Kazi Jasimuddin Ahmed

Personal information
- Full name: Kazi Jasimuddin Ahmed Joshi
- Date of birth: 2 November 1963 (age 62)
- Place of birth: Khulna, East Pakistan (present-day Bangladesh)
- Height: 1.75 m (5 ft 9 in)
- Position: Right winger

Senior career*
- Years: Team / Apps / (Gls)
- 1981–1987: Mohammedan SC
- 1988–1989: Agrani Bank SC
- 1989–1990: Brothers Union
- 1991–1992: Mohammedan SC

International career
- 1984: Bangladesh U19
- 1982–1988: Bangladesh

Managerial career
- 1999: Mohammedan SC (assistant)
- 2005: Mohammedan SC
- 2009: Beanibazar SC
- 2013–2014: Mohammedan SC Jr.
- 2014–2016: Mohammedan SC
- 2016: Sheikh Jamal DC

= Kazi Jasimuddin Ahmed Joshi =

Bangladeshi footballer

Kazi Jasimuddin Ahmed (কাজী জসিম উদ্দিন আহমেদ; born 2 November 1963), known by his nickname Joshi, is a former Bangladeshi football player and coach.

==Early life==
Joshi was born on 2 November 1963 in Khulna, Bangladesh to Shafi Uddin Ahmed and Kazi Arefa Ahmed. He grew up playing football near the Daulatpur Railway Station and was the seventh eldest among six brothers and three sisters, among which the eldest brother was martyred in the Bangladesh Liberation War. His brothers, Kazi Salahuddin and Kazi Jamiluddin Ahmed, were both footballers, with the latter also playing in the First Division during the 80s.

==Club career==
In 1980, Joshi began playing in the Khulna League for WAPDA SC under the captaincy of former Shadhin Bangla football team goalkeeper, Aniruddha Chatterjee. The following year, Joshi joined First Division League club Mohammedan SC after impressing the club's coach, Golam Sarwar Tipu, during an exhibition match while playing for Khulna XI. From 1983 to 1984, Joshi achieved a rare feat by scoring against arch-rivals, Abahani Krira Chakra, during every single competitive encounter. On 14 July 1985, Joshi suffered a severe knee injury during a league game against Wari Club. He returned to the field in 1987, however, failed regain his previous form.

==International career==
Joshi appeared for the Bangladesh Green team during the 1982 President's Gold Cup held on home soil. On 22 September 1983, Joshi made his senior international debut during a 1–0 victory over Nepal in the Merdeka Cup. Joshi also featured for the Bangladesh U19 team during the 1985 AFC Youth Championship qualifiers held in Dhaka. On 11 August 1984, he scored his first and only senior international goal during a 1–2 defeat to Syria in the 1984 AFC Asian Cup qualifiers. Joshi later appeared during both the 1986 FIFA World Cup qualifiers and the 1988 AFC Asian Cup qualifiers.

==Coaching career==
===Mohammedan SC (1999–2005)===
In 1999, after completing his AFC C and B courses, Joshi served as assistant coach of Mohammedan SC under head coach, Hasanuzzaman Khan Bablu. Joshi first took on duty as head coach of Mohammedan during a 1–0 defeat to Muktijoddha Sangsad KC in the semi-final of the 2005 Federation Cup on 29 April 2005. He eventually guided the club to a runners-up finish in the Dhaka Premier Division League in the same year. He resigned at the end of the season and was replaced by former national teammate, Shafiqul Islam Manik.
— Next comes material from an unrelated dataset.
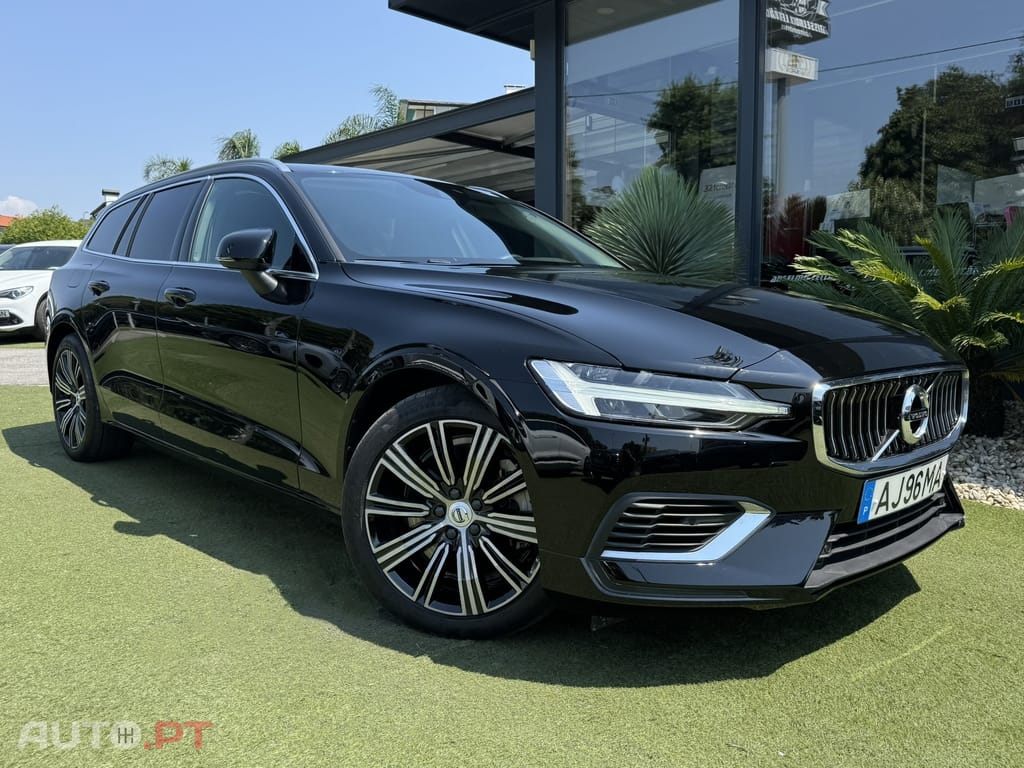Volvo V60 2.0 T6 AWD TE Inscription Expression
===Beanibazar SC (2009)===
In August 2009, Joshi was appointed coach of Beanibazar SC in the 2009–10 Bangladesh League. Within a month of joining the Sylhet based outfit, Joshi voiced his dissatisfaction with the club's officials to local media. He resigned from his post on 23 December 2005, following a disagreement over team selection with the club management, and was replaced by unlicensed coach Ekramur Rahman Rana, providing further proof of the club's unprofessionalism.
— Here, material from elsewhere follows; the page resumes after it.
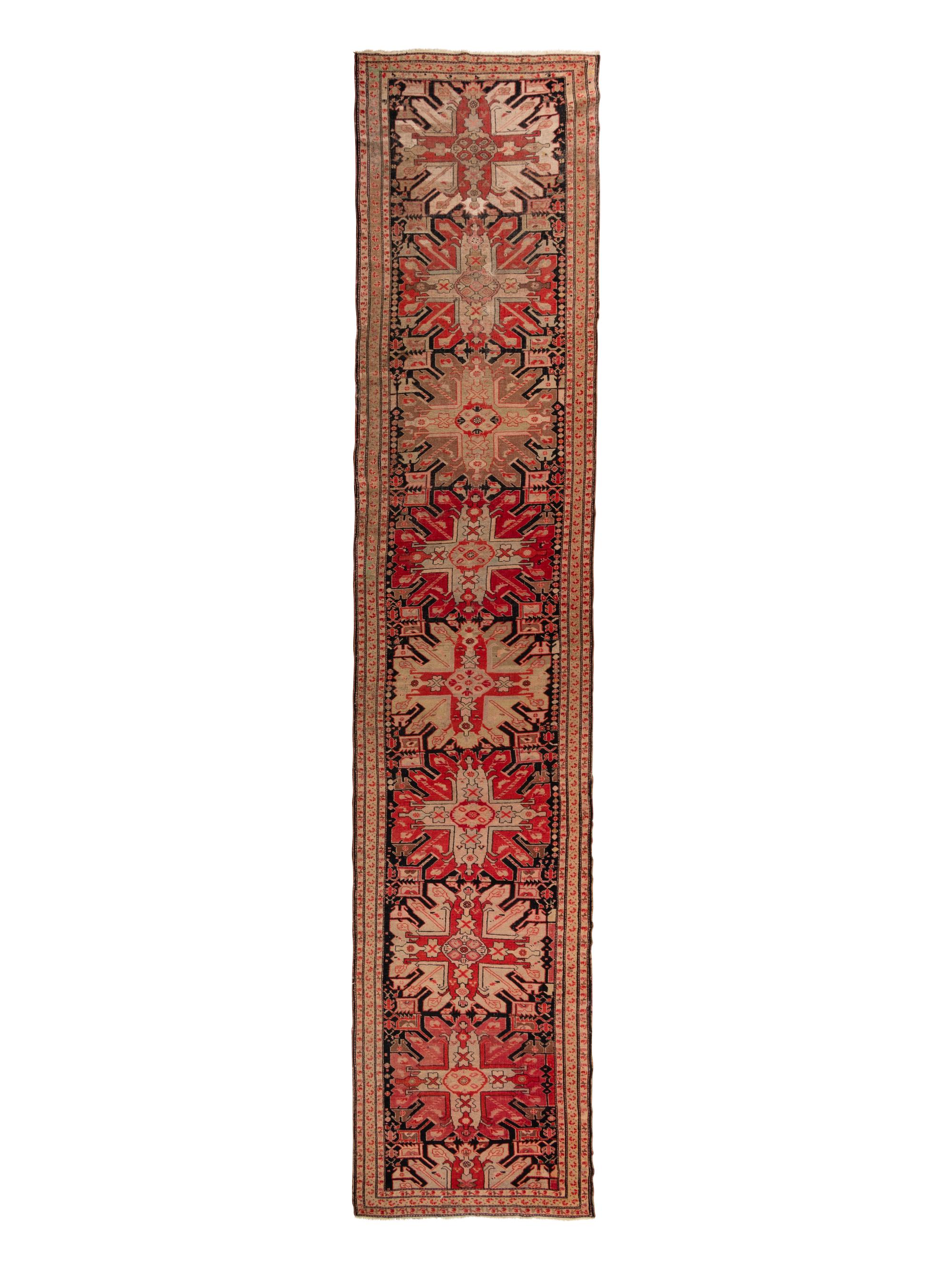A Caucasian Karabagh Wool Runner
===Mohammedan SC (2014–2016)===
Joshi guided the junior team of Mohammedan SC to triumphs in both the BFF U-16 Football Tournament and BFF U-18 Football Tournament in 2013 and 2014, respectively. On 25 November 2014, Joshi was appointed head coach of the senior team of Mohammedan, following his success with the youth team. Under him the Black and Whites finished in third place in the 2014–15 Bangladesh Premier League. However, the following season, the club for the first time since Bangladesh's independence, fought for relegation during the 2016 Bangladesh Premier League. Joshi resigned midway through the league on 7 October 2016, as Mohammedan recorded 6 draws and 3 defeats from 10 games. Joshi, however, later stated that his departure was due to unpaid wages.
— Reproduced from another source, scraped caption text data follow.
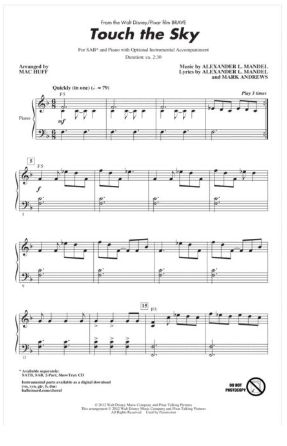 Touch The Sky SAB - Arr. Mac Huff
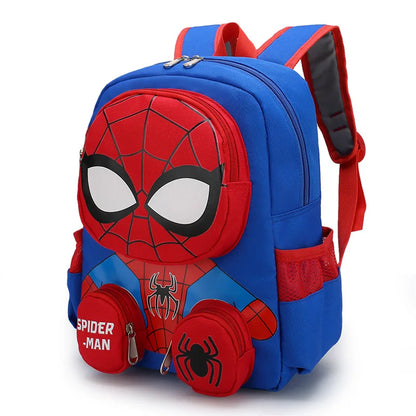Spiderman 3D backpack for children multivariant-5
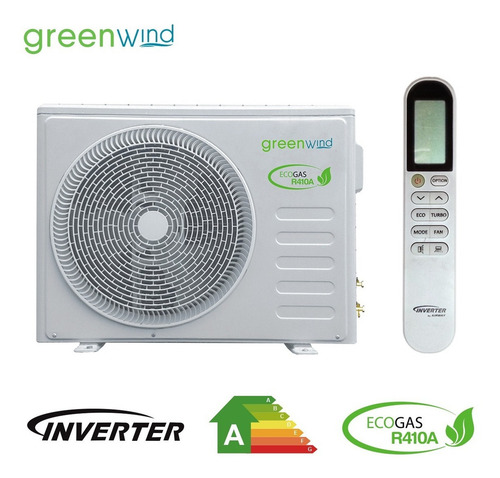 Imagen 3 de 3 de Aire acondicionado Greenwind Inverter 9000 BTU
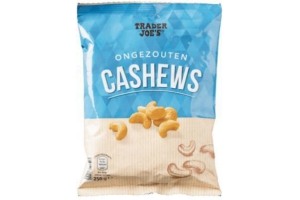 ongezouten cashewnoten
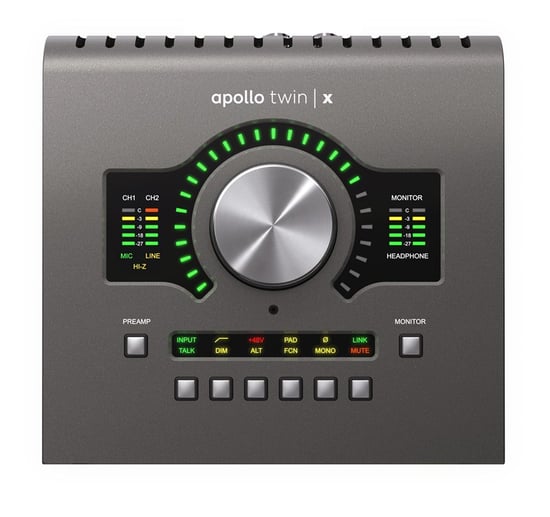 Universal Audio Apollo Twin X Heritage Edition USB Audio Interface, DUO, Windows Only, Nearly New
===Sheikh Jamal DC (2016)===
Joshi served as the head coach of Sheikh Jamal Dhanmondi Club during the final two months of the 2016 Bangladesh Premier League and helped the club finish in third-place.

==Organising career==
In 2022, Joshi was elected a member of the technical committee of Mohammedan SC.

==Personal life==
Joshi married Saleha Parveen Mala on 28 December 1990, and they have a son and a daughter together.

== Career statistics ==

=== International goals ===

List of international goals scored by Kazi Jasimuddin Ahmed Joshi
| No. | Date | Venue | Opponent | Score | Result | Competition | Ref. |
|---|---|---|---|---|---|---|---|
| 1 | 11 August 1984 | Senayan Stadium, Jakarta, Indonesia | Syria | 1–1 | 1–2 | 1984 AFC Asian Cup qualification |  |

==Honours==
===Player===
Mohammedan SC
- Dhaka First Division League: 1982, 1986, 1987
- Federation Cup: 1982, 1983, 1987
- Independence Cup: 1991
- DMFA Cup: 1984
- Ashis-Jabbar Shield Tournament (India): 1982

===Manager===
Mohammedan SC Jr.
- BFF U-18 Football Tournament: 2014

==Bibliography==
- Alam, Masud (2017)
- Dulal, Mahmud (2020)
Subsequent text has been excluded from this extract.